What is required: The material below is to be copied exactly from the line with "Hotel Astoria" up to and including the line with "HYUNDAI Kona - Vista 6", with nothing else kept and no pictures.

Data:
-=-=-=-=-
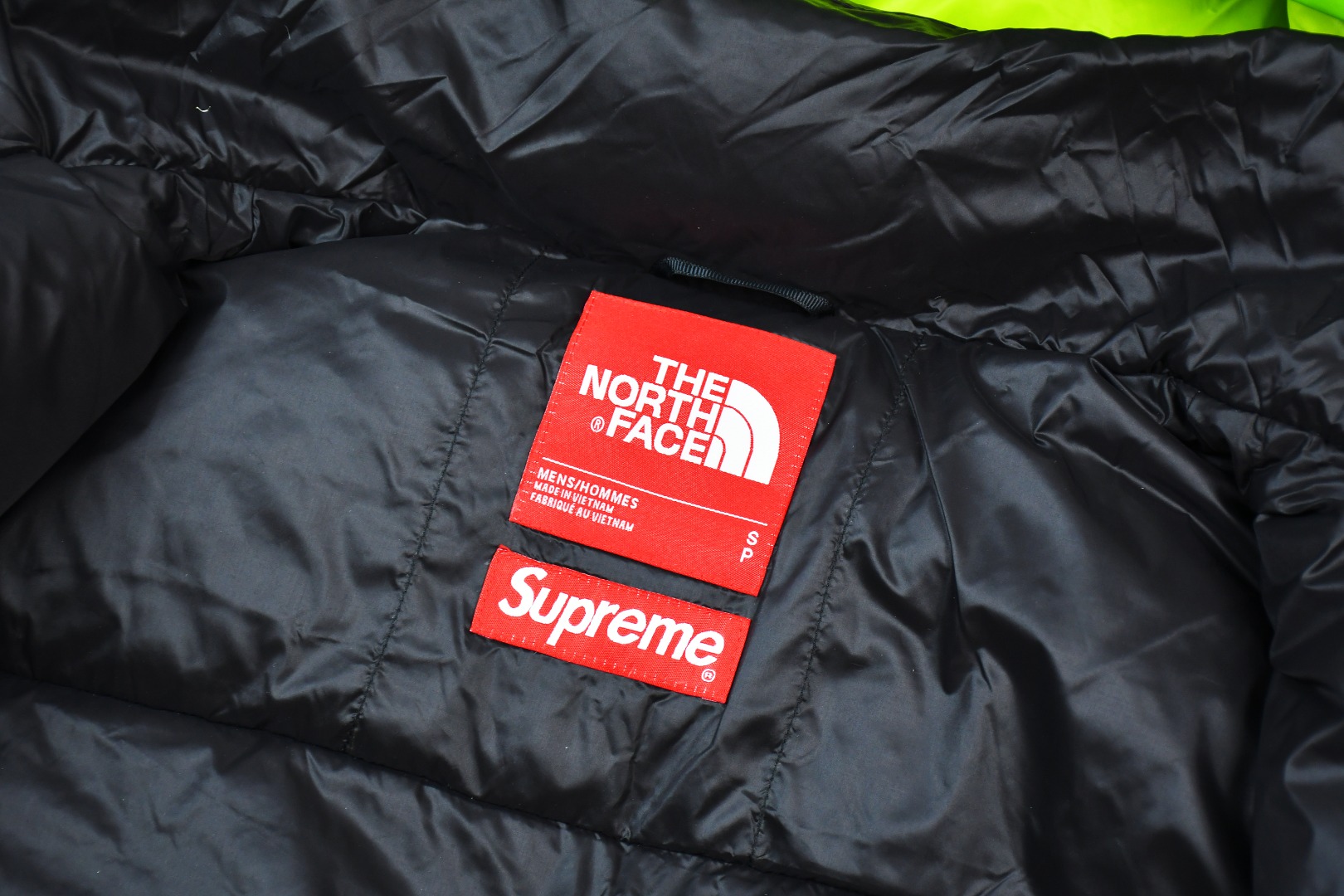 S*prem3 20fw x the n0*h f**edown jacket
-=-=-=-=-
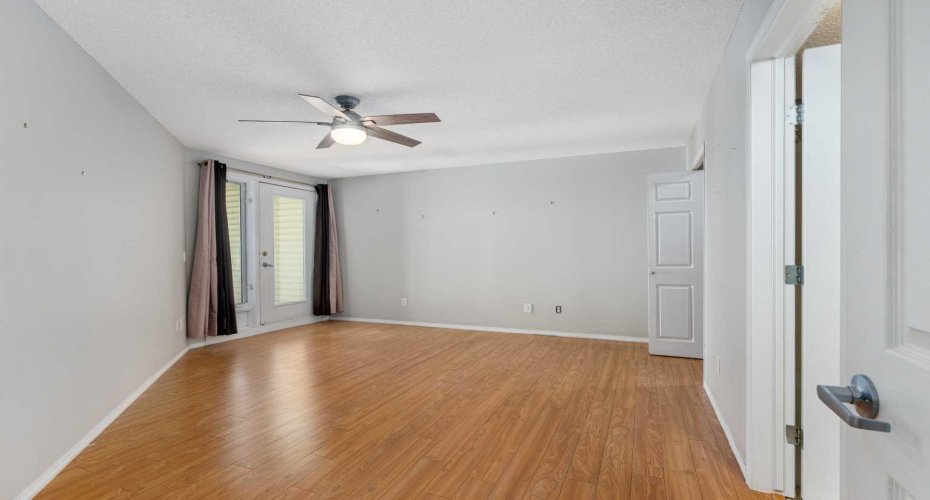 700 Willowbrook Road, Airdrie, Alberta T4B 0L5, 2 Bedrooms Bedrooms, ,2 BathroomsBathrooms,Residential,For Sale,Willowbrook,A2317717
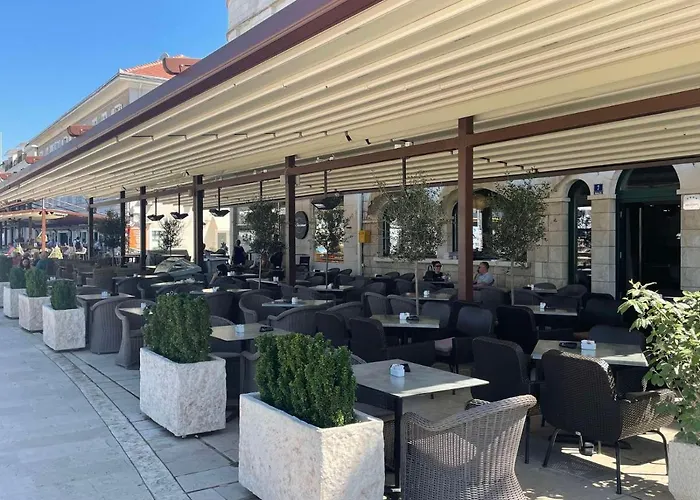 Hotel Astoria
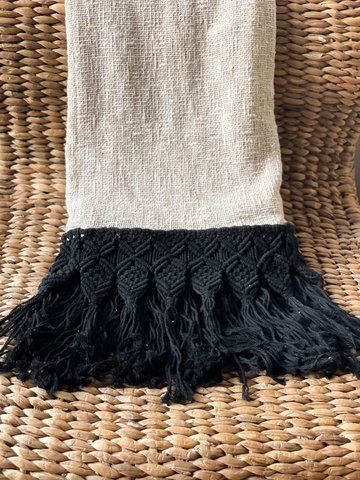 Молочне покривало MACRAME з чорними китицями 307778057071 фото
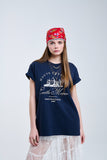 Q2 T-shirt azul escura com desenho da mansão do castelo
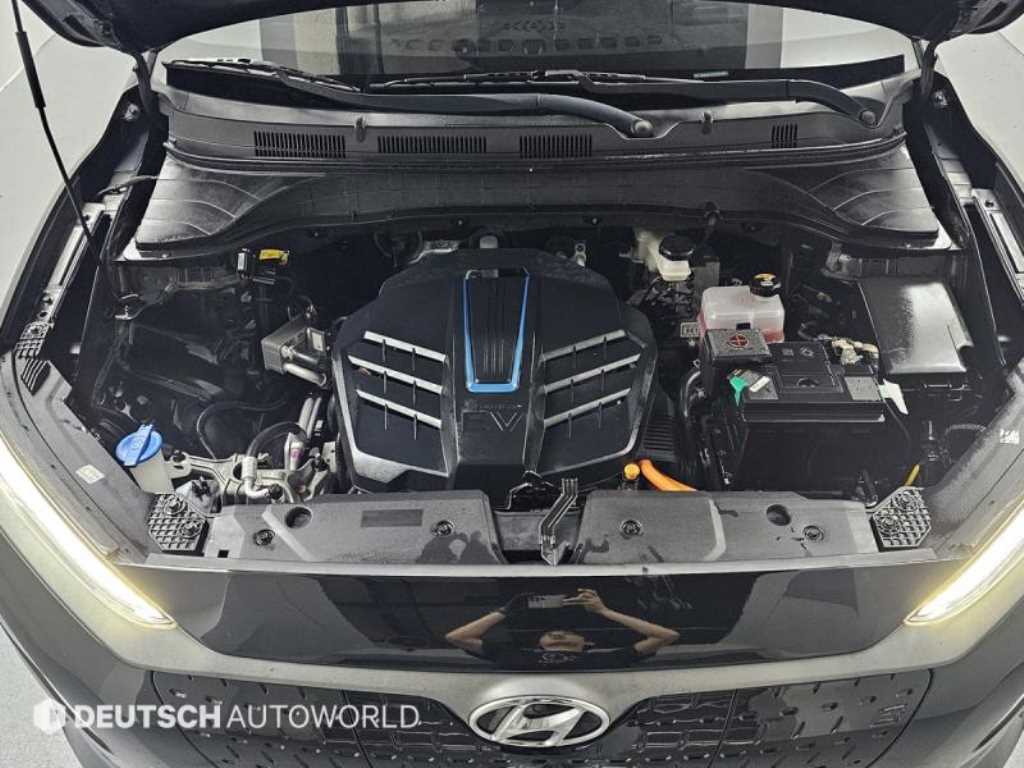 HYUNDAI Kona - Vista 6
-=-=-=-=-
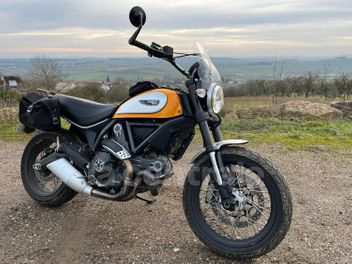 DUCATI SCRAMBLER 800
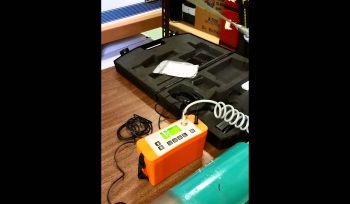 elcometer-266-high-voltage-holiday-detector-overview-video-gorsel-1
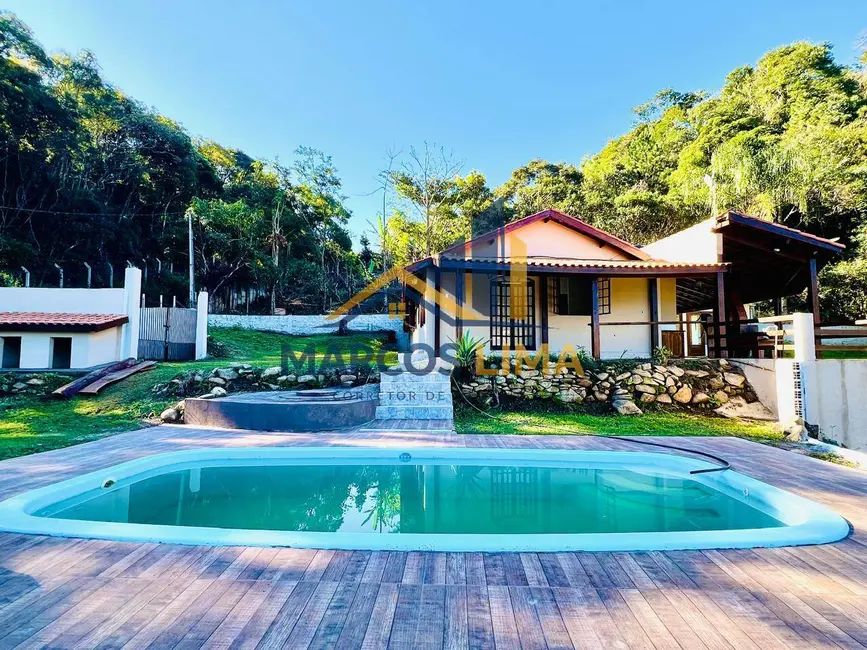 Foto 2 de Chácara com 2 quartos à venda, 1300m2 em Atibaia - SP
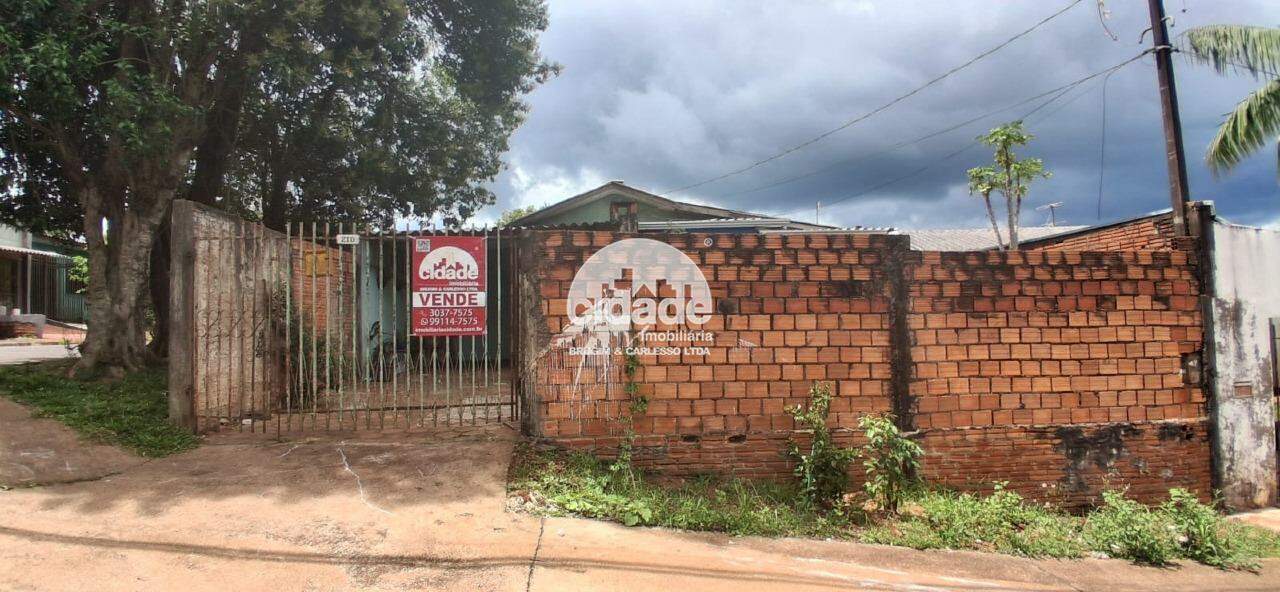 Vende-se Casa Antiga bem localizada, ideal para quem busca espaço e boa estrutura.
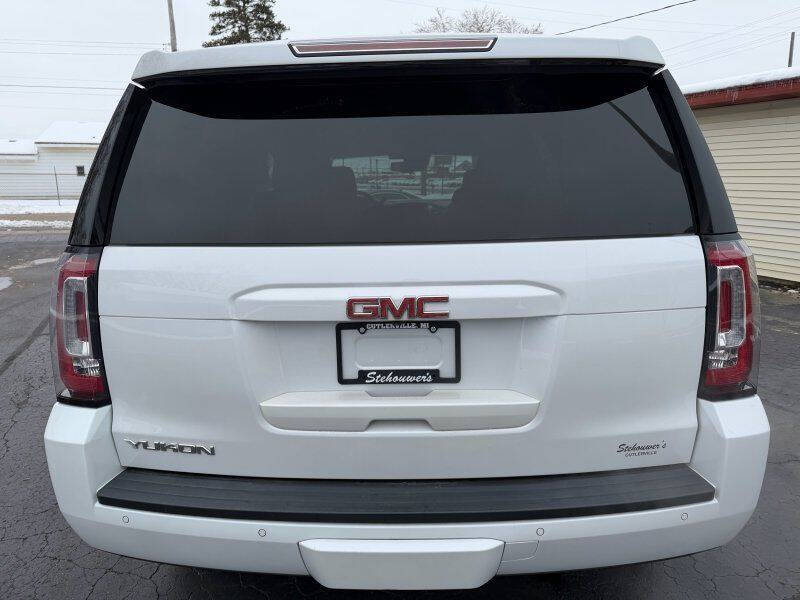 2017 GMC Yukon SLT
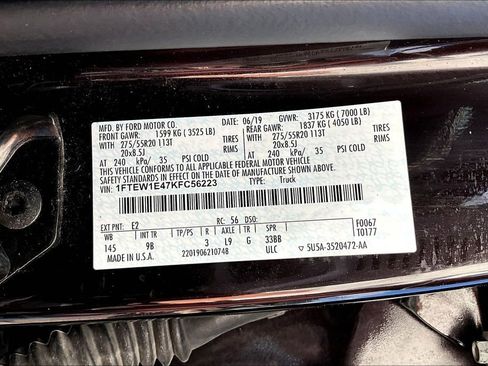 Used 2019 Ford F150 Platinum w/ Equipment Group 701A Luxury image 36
-=-=-=-=-
Exercise response:
 Hotel Astoria
 Молочне покривало MACRAME з чорними китицями 307778057071 фото
 Q2 T-shirt azul escura com desenho da mansão do castelo
 HYUNDAI Kona - Vista 6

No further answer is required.